Le principe de récursivité paradoxale du premier thème (je le nomme pour l’instant ainsi) est intrinsèquement habité par le second, par mon intention de décomposer l’art : Dans le domaine où j’opère - l’art - mon sujet est l’art. Dès lors que j’ai porté mon intérêt sur une approche concrète d’une œuvre d’art, la récursivité paradoxale s’ensuit. Considérer un ouvrage artistique de manière concrète signifie l’examiner avec du recul, le simplifier au point de ne laisser que ce qui est absolument nécessaire à son existence, souligner ses constituants visibles, d’orienter l’objet sur lui.

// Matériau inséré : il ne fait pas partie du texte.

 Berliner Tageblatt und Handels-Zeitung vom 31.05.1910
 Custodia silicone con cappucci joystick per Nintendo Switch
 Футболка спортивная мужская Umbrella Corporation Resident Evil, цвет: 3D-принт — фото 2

En somme, il s’agit de délaisser la représentation.

Chronologiquement, mon souhait d’éplucher l’art est apparu avant mon intérêt pour la récursivité paradoxale, et semble l’avoir fait naître. Mais peut-être est-ce l’inverse. Peut-être que mon désir de décomposer et de comprendre a été engendré par un attachement inconscient pour la récursivité paradoxale. On en revient au point de départ, à l’œuf et la poule.

K.L.




"peinture / Peinture" de Marjorie Deshayes, 2009

Lʼapproche fait le voeu dʼun minimalisme formel dont lʼéconomie de moyens plastiques sert une démarche spéculative ample, qui balaie tous les ʻmomentsʼ de la peinture : les conditionnements physiques et intellectuels, les pré-requis, les choix formels et leurs conséquences, le déploiement de lʼobjet plastique et les modes de sa pérennité...

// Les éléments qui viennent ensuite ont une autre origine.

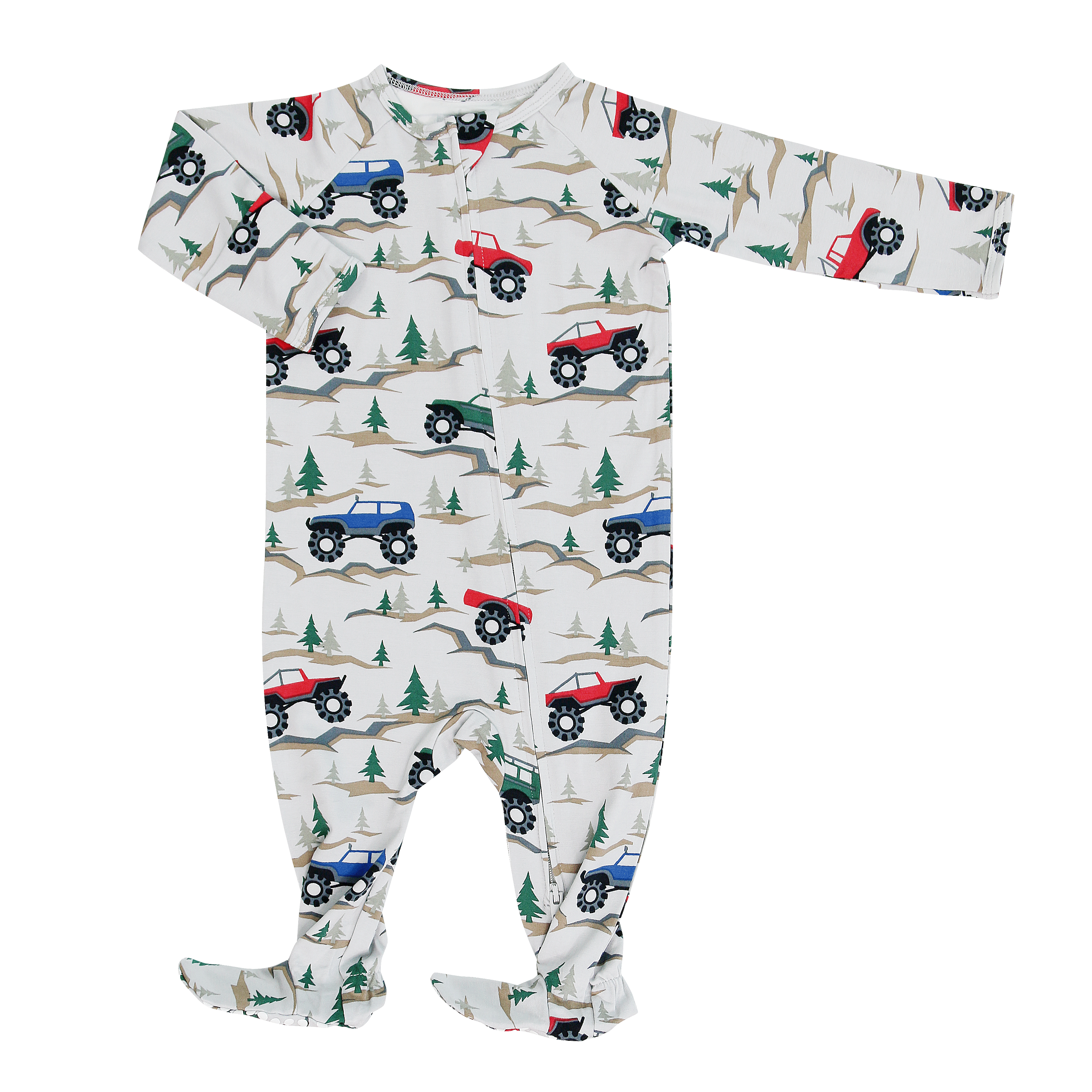 Over the River Zipper Footie | Milk & Baby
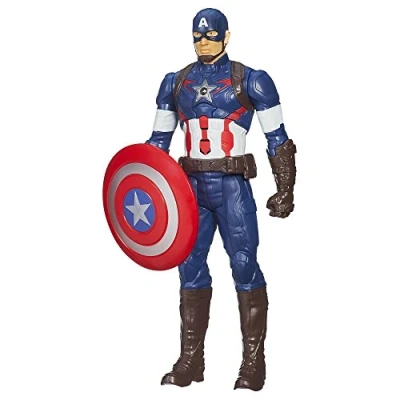 Image of Marvel Hasbro Avengers Age of Ultron Titan Hero Tech Captain America 12 Inch Figure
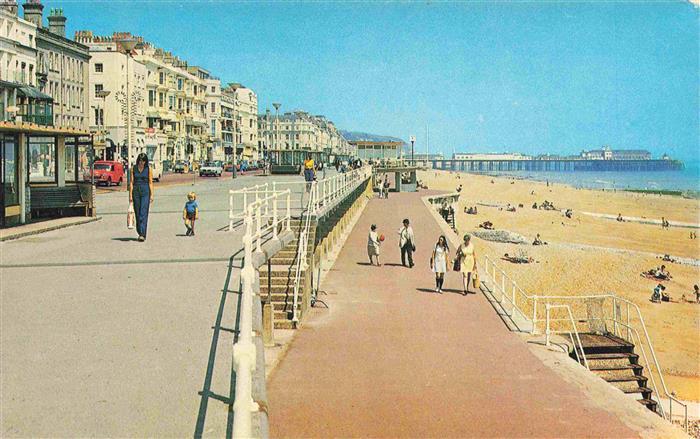 St Leonards-on-Sea HASTINGS East Sussex UK The Promenade and Beach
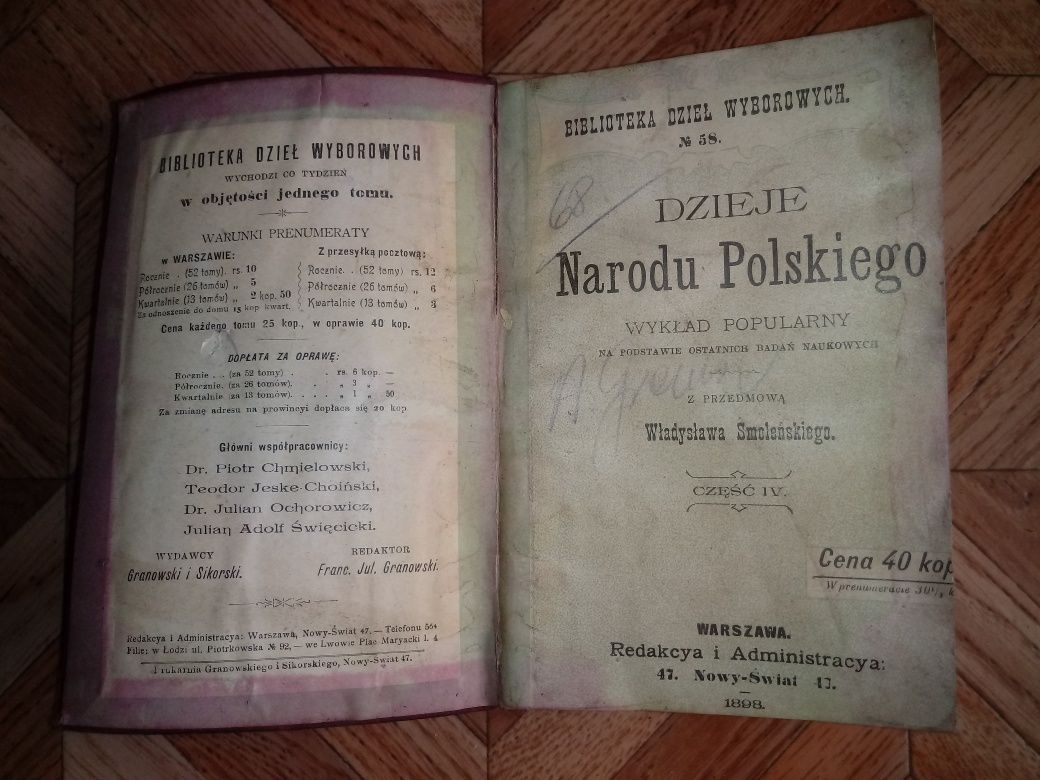 Stare przedwojenne książki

Kim Lux est un peintre qui développe sa pratique dans une dimension réflexive. Si la peinture est avant toute chose un médium, lʼartiste se positionne au-delà de cette qualité - ce déterminant - et fait de la peinture le propos même de son travail : sa peinture traite de peinture.

En effet, quʼest ce quʼune peinture? De lʼobjet pictural à la technique artistique, en passant par les questionnements soulevés par les pratiques les plus contemporaine, la notion de peinture a largement débordé le champ de sa circonscription historique et cʼest dans la recherche de ses possibles que lʼartiste met la peinture à lʼépreuve de lʼexpérimentation.

Il sʼagit ainsi de donner à voir et de laisser ouverte la possibilité dʼune conclusion. Rien nʼest affirmé dans les travaux ici présentés et cʼest là lʼune de leurs grandes qualités; mais tout est montré. En effet, tel un organisme à lʼexo-squelette, ces oeuvres mettent à jour leurs ressorts, leurs structures, et les conditions de leur prise de forme. La peinture, ainsi ramenée aux conditions de sa présence, de sa genèse et de sa réception, abandonne volontairement toute tentative dʼaffirmation unilatérale. Dès lors, la question de sa présence est mise en exergue avec la subtilité, la nuance et lʼattention au détail propres à lʼesprit qui cherche et qui observe.

Alors, pourrait-on sʼinterroger, que reste-tʼil à voir, si tout est montré?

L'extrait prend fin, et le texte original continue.